Published on June 29, 2006 at 6:30 PM · No Comments

Scottish researchers have come up with a method of identifying people who are at risk of certain types of hereditary colon cancer.

They have developed a two-stage screening model which can genetically identify those with hereditary cancers and say it will also help influence treatment choices for those already diagnosed with colon cancer.

The researchers from the University of Edinburgh say the method allows for a rapid assessment of whether any patient newly diagnosed with bowel cancer has a mutation.

This year, colorectal cancer will affect as many as 150,000 people in the United States and 500,000 worldwide and the outcomes of the disease could be prevented if more was known about the risk of colorectal cancer developing and effective preemptive action was applied.

Colon cancer is the third most common cancer, and more than 55,000 people in America alone die each year from the disease.

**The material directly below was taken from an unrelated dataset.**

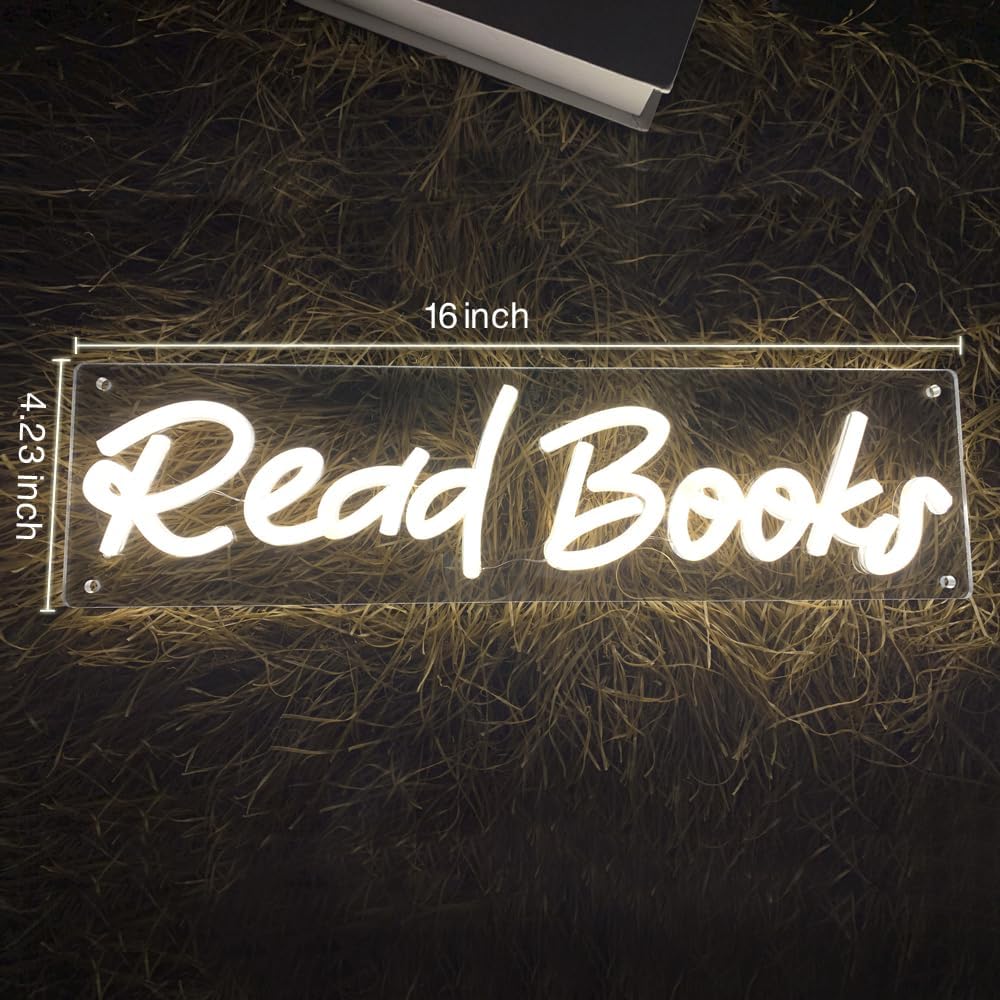 Read Books Neon Sign LED Neon Lights Dimmable USB Powered Book Lovers Words Quotes Sign Kid Room Light Wall Art for Library Classroom Reading Corner Decor 16"x4.23"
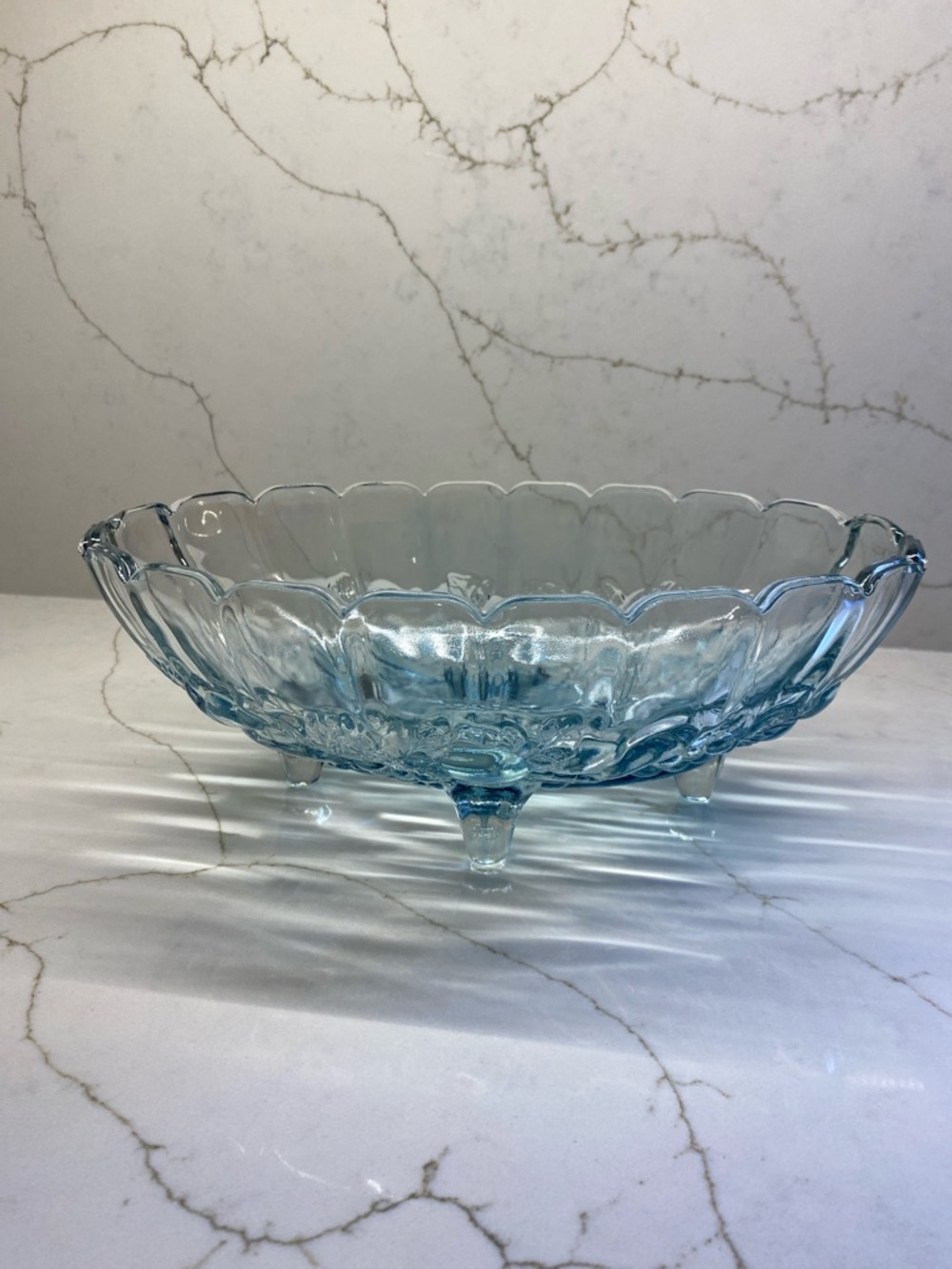 Indiana Glass • Harvest Grape • Vintage Blue Glass • Footed Bowl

Around 3 to 4 percent of cases of colorectal cancer occur in the familial cancer syndromes and the most common is the Lynch syndrome which is caused by a germ-line mutation in one of four DNA mismatch-repair genes.

There are apparently complicated molecular changes that occur in colon cancer which are difficult to detect and some hereditary cancers are missed even when these tests are used.

The Scottish researchers aimed to improve upon the existing screening techniques so for the study they recruited 870 people newly diagnosed with colon cancer, all under age 55 at the time of diagnosis.

This in itself indicates a higher-than-average risk of hereditary colon cancer as almost all colon cancers are diagnosed in people over age 50.

Then, regardless of family history, age, and other personal details, the researchers examined blood and tumor samples to look for mutations in the study volunteers' DNA that would increase the risk of colon cancer and found that 4 percent of those in the study had such mutations.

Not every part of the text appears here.